[INFORMATION — start]

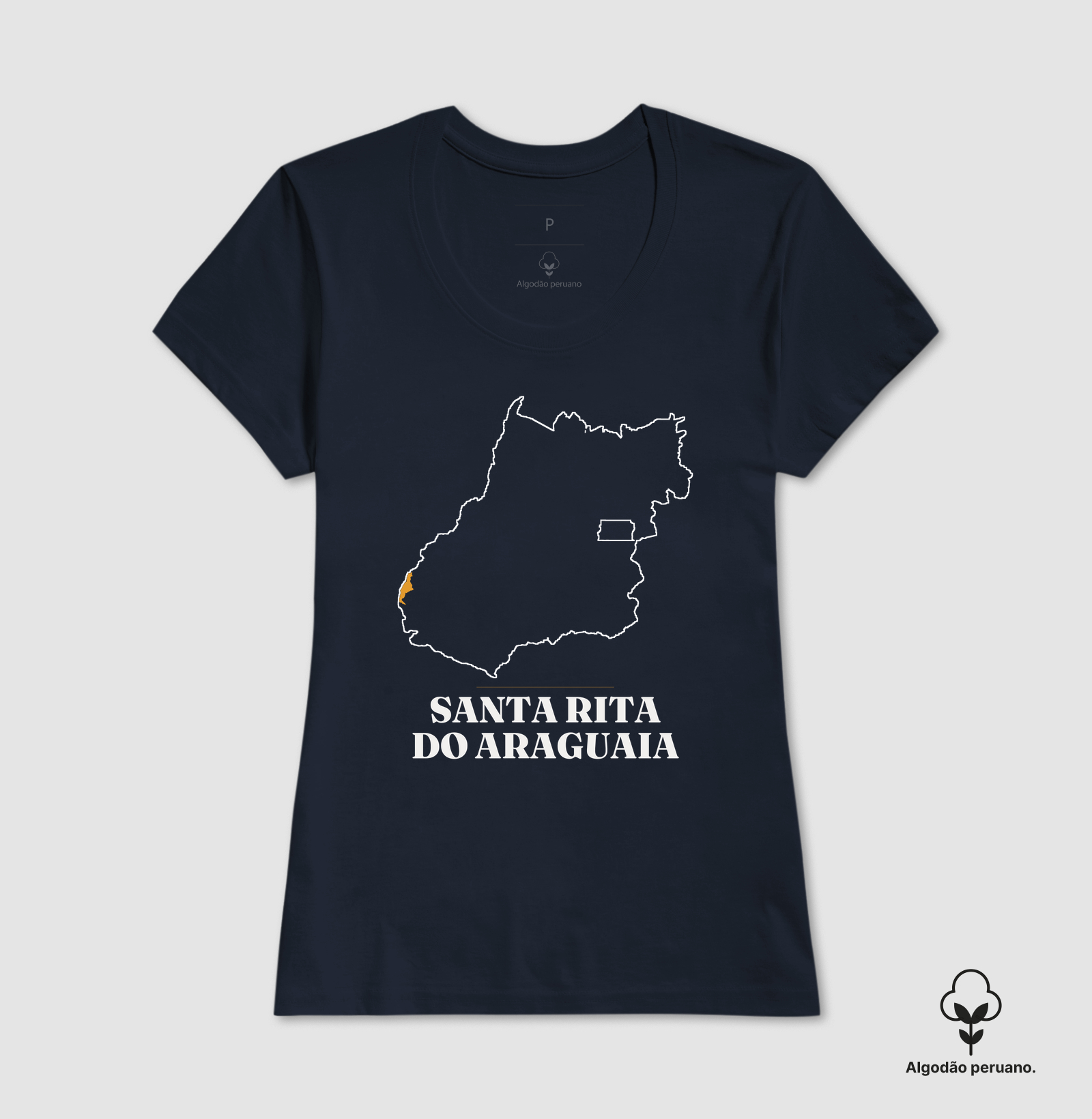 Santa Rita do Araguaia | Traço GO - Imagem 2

[INFORMATION — finish]
[INFORMATION — start]

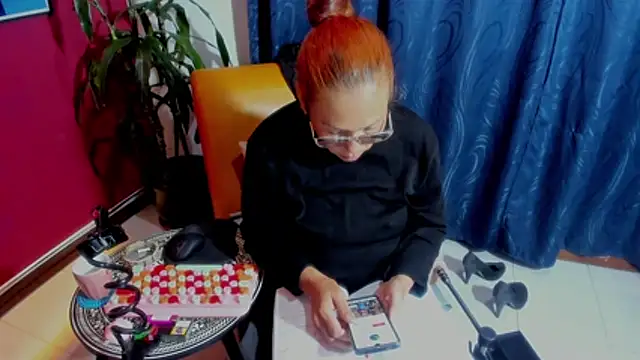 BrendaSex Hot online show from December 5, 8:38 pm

[INFORMATION — finish]
[INFORMATION — start]

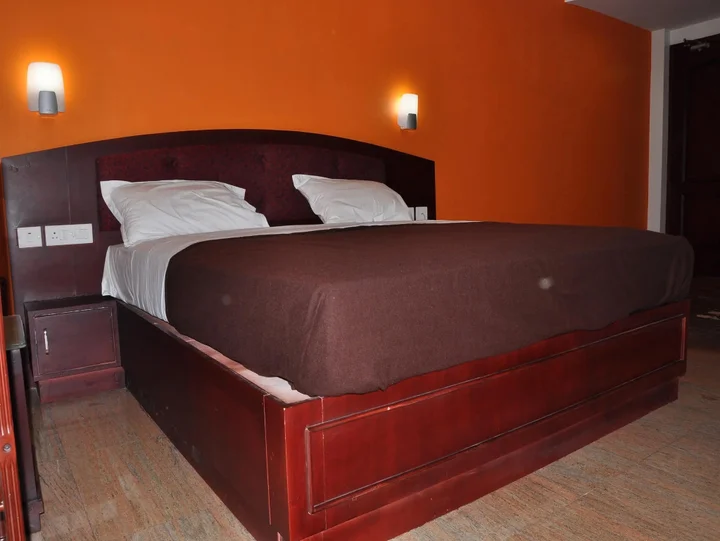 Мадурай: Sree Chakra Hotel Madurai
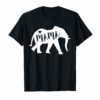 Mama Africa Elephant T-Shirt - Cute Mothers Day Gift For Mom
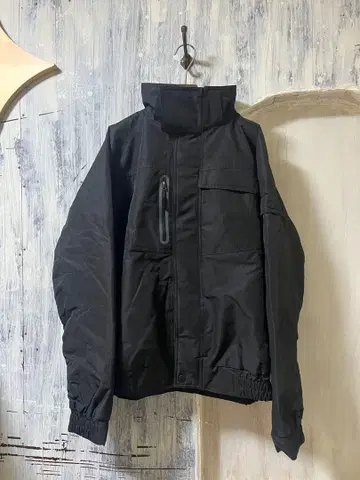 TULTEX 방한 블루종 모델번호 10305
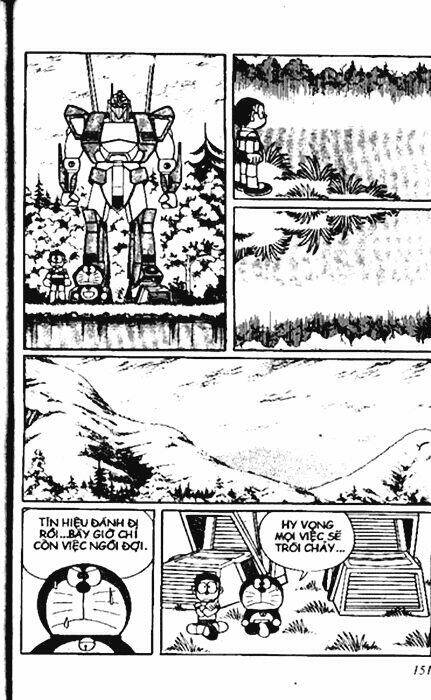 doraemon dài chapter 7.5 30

[INFORMATION — finish]

THE TASK. Within these entries, output exactly the lines starting at the one with "TULTEX 방한 블루종 모델번호 10305" and finishing at the one with "doraemon dài chapter 7.5 30". Leave pictures out of the output.

WORKED SOLUTION.
 TULTEX 방한 블루종 모델번호 10305
 doraemon dài chapter 7.5 30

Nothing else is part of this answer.